Building Detection Using Local Gabor Features in Very High Resolution Satellite Images ¨ Beril Sırmac¸ek and Cem Unsalan Computer Vision Research Laboratory Department of Electrical and Electronics Engineering Yeditepe University ˙Istanbul, 34755 TURKEY e-mail:
[email protected]
Abstract—Building detection from very high resolution satellite imagery is an important task for land planners.

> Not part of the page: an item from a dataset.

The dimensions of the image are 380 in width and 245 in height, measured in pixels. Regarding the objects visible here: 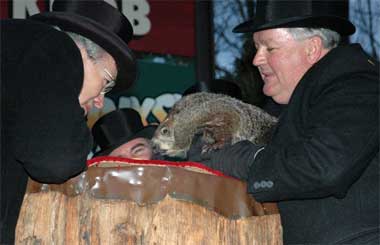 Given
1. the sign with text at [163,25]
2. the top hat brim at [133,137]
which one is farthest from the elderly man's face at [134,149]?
the sign with text at [163,25]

However, manually locating buildings from these images is a difficult and time consuming process. Therefore, researchers focused on building detection using automated image processing and computer vision techniques. The main problems here are as follows. Buildings have diverse characteristics and their appearance (illumination, viewing angle, etc.) is uncontrolled. On the other hand, buildings often have similar cues like parallel edges and roof corners that can be merged. In this study, we propose an automated approach for building detection based on Gabor filters and spatial voting. We extract features (representing buildings) using Gabor filter responses. Using these features, we form a spatial voting matrix to detect buildings. We tested our algorithm on very high resolution grayscale Ikonos satellite images and obtained promising results.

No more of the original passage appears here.